Gambar 3. Proses pengujian laboratorium
Sumber: Dokumentasi Peneliti
Hasil penelitian menunjukkan bahwa perlakuan blanching menghasilkan warna hijau yang lebih cerah dan aroma yang lebih kuat dibandingkan sampel tanpa blanching. Proses blanching terbukti mampu menginaktivasi enzim penyebab pencokelatan dan degradasi klorofil, sehingga daun bawang kering tetap terlihat segar dan menarik. Selain itu, blanching juga membantu mengurangi jumlah mikroorganisme awal dan mempertahankan sebagian besar senyawa antioksidan alami pada daun bawang.

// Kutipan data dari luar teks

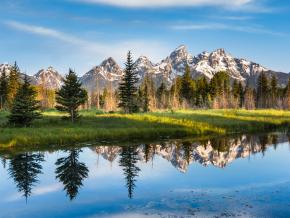 Stunning mountain views in Grand Teton National Park, Wyoming Stunning mountain views in Grand Teton National Park, Wyoming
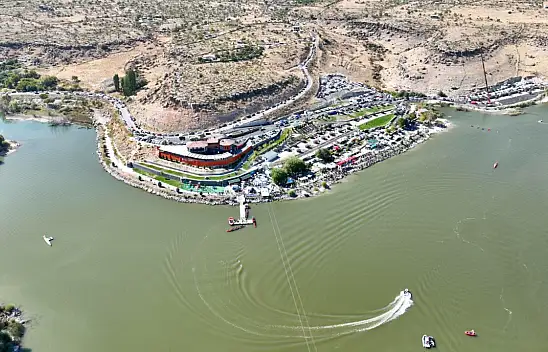 Kayseri'de 3 gün süren festivale on binlerce kişi akın etti! 1,5 ton üzüm dağıtıldı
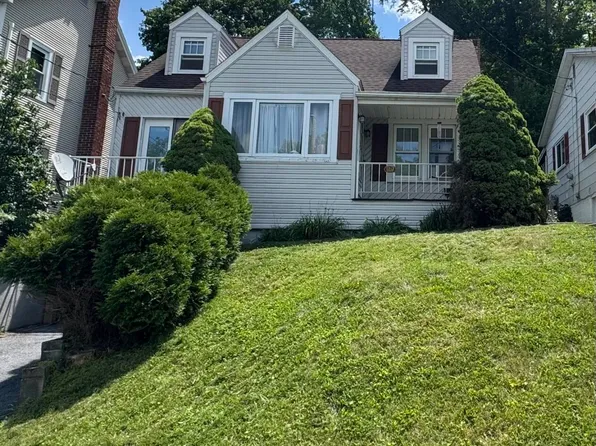 1212 Hamilton Ave, Tyrone, PA 16686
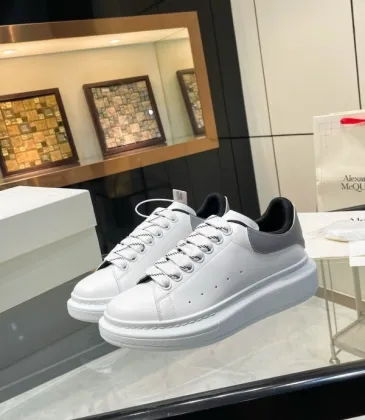 Alexander McQueen Shoes for Unisex McQueen Sneakers #A55848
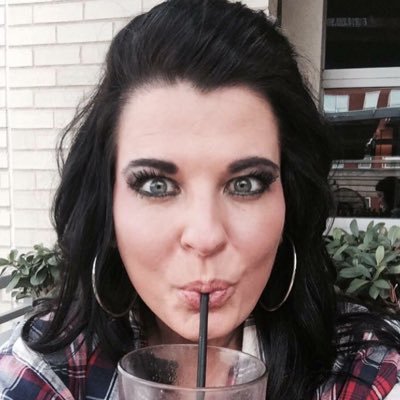 Profile Picture of Denise Rowe (@dee_rowe_) on Twitter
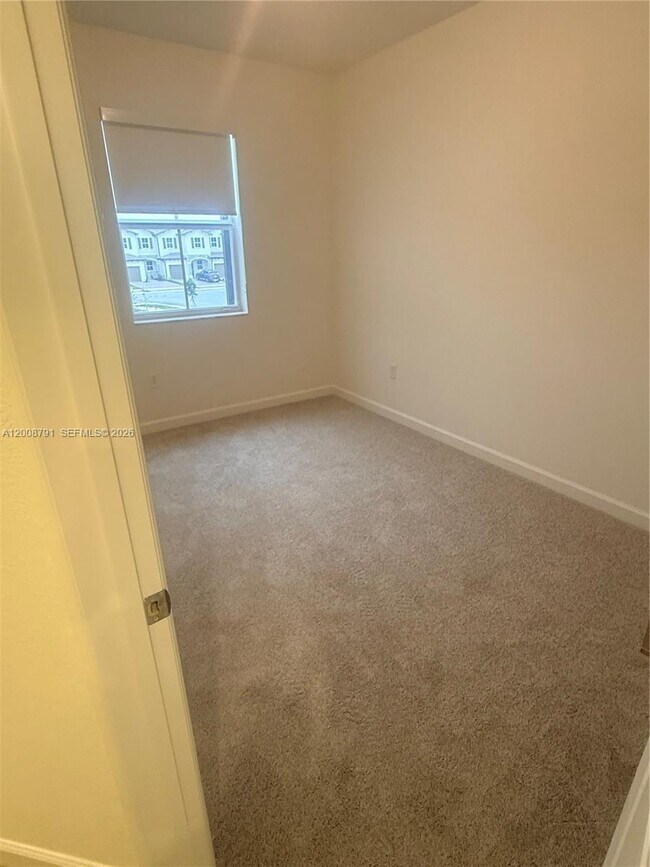 Building Photo - 2746 SE 24th Terrace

Gambar 4. Daun bawang kering dengan beberapa perlakuan berbeda
Sumber: Dokumentasi Peneliti
Secara visual, daun bawang yang dikeringkan setelah blanching memiliki penampakan yang lebih cerah dan tekstur yang lebih baik, sementara sampel tanpa blanching menunjukkan kecenderungan warna kecokelatan dan tekstur yang lebih keras akibat reaksi enzimatis dan oksidatif selama pengeringan.
Penelitian ini menunjukkan bahwa penerapan blanching dapat menjadi solusi sederhana bagi Usaha Mikro, Kecil, dan Menengah (UMKM) dalam memproduksi daun bawang kering berkualitas tinggi. Dengan teknologi pengolahan yang relatif mudah diterapkan dan efisien, proses ini berpotensi mengurangi kehilangan hasil panen serta meningkatkan daya saing produk hortikultura lokal di pasar nasional maupun ekspor.